The tale of a "railroad lady" a woman who, on the weekends, moonlights as a professional prostitute. She trolls the lounge car and spreads her legs for lonely men on the overnight train, the Sydney/Melbourne/Sydney Express. Called the "Sex" or "Mex express. It's a seventeen car train and a twelve hour journey in each direction.

Jenny (Wendy Hughes)
During the week she's a demure Catholic girls school art teacher. She is justifying her seedy second occupation by using the jack to buy her paraplegic junkie brother the morphine he needs for his habit. He is sort of a latent de facto pimp.



All her encounters are juxtaposed with haunting shots of the train stabbing through the lonely darkness. A metaphor for lost souls searching the dark eternity for fleeting moments of intimacy.

Lounge Car

The Coach (John Clayton)


She enters the lounge car like a shark looking for tricks she knows how to scope out the troubled  lonely ones, and how to maneuver in close, and how to make them desire her.

Jenny's a good listener, and instinctively knows what to say to encourage and comfort. Before she was a teacher she was for a brief period a nurse and that experience informs her almost therapeutic effect on her johns.

She has the Judy Garland Suite reserved for her assignations. Chameleon like she changes her looks  with different clothes, various wigs, and makeup, and accessories.


"I do this for money"
First customer is a famous football coach. He writes a newspaper column, but he has just gotten fired. He has some low self esteem and a persecution complex. They chat in the lounge until Jenny suggests that they go to her suite. The coach agrees eagerly. In the dark corridor she stops and matter of fact-ly whispers that this is going to cost him. She charges him $250, they do the horizontal mamba, and when his time is up she drops the friendly facade and kicks him out. The next morning in the dining car she ignores him and his attempts to make conversation. It was just business.
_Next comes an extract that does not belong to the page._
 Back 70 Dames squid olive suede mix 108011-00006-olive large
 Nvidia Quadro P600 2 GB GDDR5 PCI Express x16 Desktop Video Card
On the return trip she has a different look, that of a much younger woman. A real flirtatious cutie. She picks up a young soldier. He's smitten with her, wants to marry her. When he tries to stay past her 3AM cut off time she demands that he leave. He does, but after some difficulty. He again tries to talk with her at breakfast, and to accost her on the platform. She calls the authorities.

prowling

Jenny and  soldier (Rod Zuanic)


"It's gonna cost you"






Another weekend. Her next client is a retired salesman. She is a redhead on this rail trip. He comes on to her when he approaches her in the club car.



"I usually do."

Salesman: Are you going all the way?
Jenny: I usually do.


"Two hundred dollars."



The Salesman (Norman Kaye ) and Jenny

She charges the salesman $200 listens to his problems and gives him a roll.

On her next tip there is a Christmas Party and her client that night is a preacher. Throughout all these encounters we have seen in short glimpses a handsome man giving Jenny the eye, watching her in sort of peek-a-boo sequences.  After the second incident we get the first impression that he may be a railroad detective or some other type of cop. She appears to break with her usual cold professionalism, and seems excited by his attentions. Jenny is inside a woman with needs after all. Jenny begins to look for him.

The Man

A fleeting glance

The Man (Colin Friels)

waiting for Jenny

One night he's waiting for her outside the Judy Garland suite. They make love as lovers. Jenny gives in to temptation, lets herself go and finds herself falling in love with him.




They meet again on the return trip and repeat their lovemaking. Jenny tells him about her brother and why she is doing what she is doing. However when the train gets to the terminal and they go their separate ways, Jenny watches as the man is met by a woman in a Mercedes. He drives off with her, Jenny is jealous.

The man and a woman

Jealous Jenny
Jenny's back on routine by the next weekend.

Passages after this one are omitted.